Ne gibi kaygılar olduğunu tahmin edersiniz belki beni daha önce okuduysanız. “Ben ne yapıyorum ya” dediğim her an bir şeyleri olduramamış gibi hissetmek, kendi isteklerimi duyamamak veya kim olduğumla ilgili soruların “kim olmalıyım” duvarına çarpması… 30 olduğum gün ise bir dilek diledim ve hayır demeyi öğrenmek; fark etmezciliği terk etmek istedim. Bana da fark ederdi çünkü. Doğum günü kutlamamda dileğimi duyan bir arkadaşımsa şu teklifle geldi: “Hadi hepimiz senden bir şey isteyelim, bakalım hangilerine hayır diyeceksin?” Ne cevap verdim biliyor musunuz? HAYIR.
İlk hayırım, hayırlı olsun. Bu zorlu bir sürecin başlangıcıydı ama gerçekten de 30 olunca isteklerimi daha net duymaya başladım sanki. Bu da bana şunu düşündürdü, 20’li yaşlar gençlik ateşi ve eğlenceden ibaret değildi aslında. Anksiyetenin kankası olan belirsizliklerle de doluydu. Tabii ki kendi deneyimimi dayanaksız bir şekilde genelleyemeyeceğim için (çünkü Haklılık Payı müdürü olmak bunu gerektirir), diğer 30’luklara sormaya karar verdim. nlar nasıl kıyaslıyorlardı şu an oldukları yeri, 20’lerine göre?
“20’lerde onu da kaldırırım, buna da dayanırım diye diye 30’larda pehlivan oluyorsun.”
“20s = Etrafımda çok insan olsun. 30s = İnsanlardan bıkmak ve yalnızlığı daha çok sevmek.”
“30 yaş = bel ağrısı. 20 yaşındayken aklım almıyordu, bir insanın beli nasıl ağrırdı?”
“20’lerimde ağlayıp dert yanıyordum insanlara, 30’larımda GET A GRIP AND MOVE ON.”

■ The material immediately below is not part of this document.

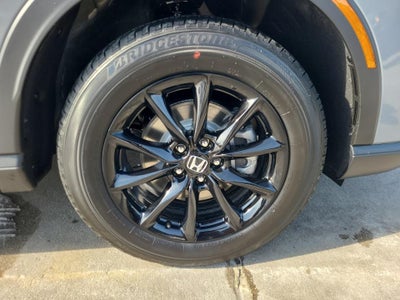 2027 Honda CR-V Hybrid Sport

“30’lar, 20’li yaşlar gibi ama daha çok paran var ve ne isteyip istemediğini daha iyi biliyorsun.”
“Artık ne istediğimi/istemediğimi daha iyi biliyorum. İstemediğim, beni mutlu etmeyen şeylere tahammül etmeye çalışmıyorum. İyisiyle kötüsüyle kendimi kabul ettim.”
“20’lerin kalabalığında kendimi duyamazken şimdi kendimi dinlemeye doyamıyorum.”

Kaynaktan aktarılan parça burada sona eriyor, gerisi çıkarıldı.